Its odd because I have been coming to this finca in el Barrio Lomas en Naranjito for so long, but we have mostly been to the same place every time, only where the old house had been. La finca itself was divided into 10 sections and given as inheritance to my mom's nine siblings and herself. Much of that has been sold to third parties.
In all the time the property was intact, I can only remember once climbing the hill with Mami. It was sometime way back in the sixties when Doris and I got those atrocious permanents. Thank God not that permanent!! I remember standing near a very huge mango tree up on that hill. Sweaty from the climb and a little scratched from the grasses but other than that very satisfied to be able to overlook the area. We were pampered kids then and didn't realize then that Mami was sharing one of her favorite life experiences with us.
Isn't that how life is? We stumble around bumping into each other and many times not realizing that some one else is communicating what they love to us. Actually what love is to them. I think she treasured that place because of the embodiment of experiences there. That is why we love our land. Whether here or somewhere else. The land itself represents the experiences we have had there as well as the shared experiences of others.
Some of my uncles and aunts have houses on top of the hill where the old house used to stand and maybe some day I will, too. I don't know. I am so torn. Torn between where I live right now, and what I have here. In a way, I am spoiled, too. Spoiled by the comfort of the status quo. We'll see. All I know I want to live a life of significance. Maybe it isn't time just yet to make that move. In the meantime, I will seize the day, and sometime this trip, climb that hill. Hopefully before I go back to Orlando, and give mom a report about the sights up on her special hill.

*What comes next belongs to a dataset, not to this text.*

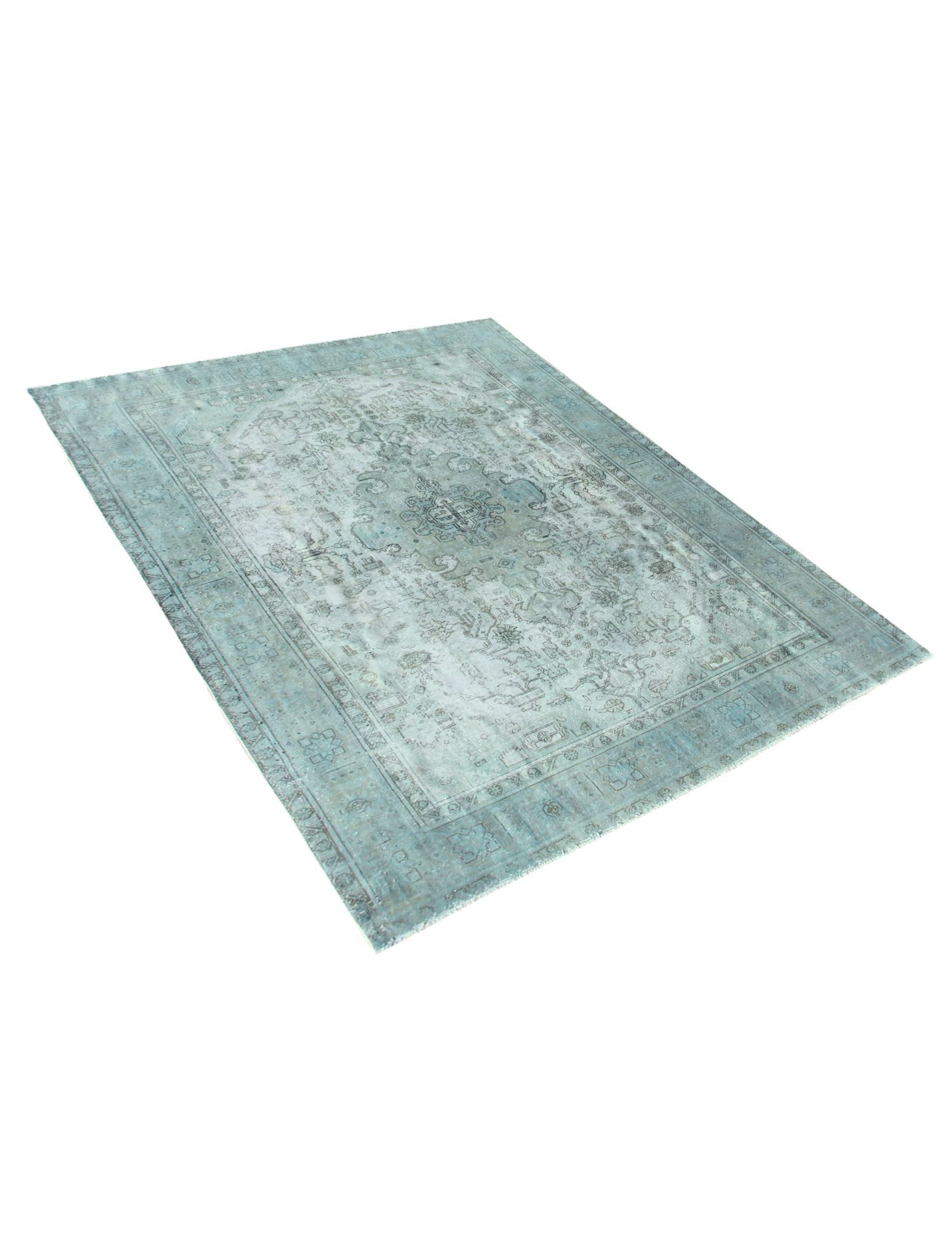 Tappeto vintage persiano  verde <br/>380 x 290 cm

About the pictures, I need to scan them I know. And I will when I go retrieve them. The first one is of Mami with my older sister Doris, and the next one is Mami posing. I think she was beautiful and I always lamented not getting her nose. Every body else in the family did. Oh well, you can't dwell on that. Beneath that picture, are all my aunts minus Titi Sarita, who happened to sew all those lovely dresses. From left to right are Titi Juanita, Mami, Titi Georgina, and Titi Carmen.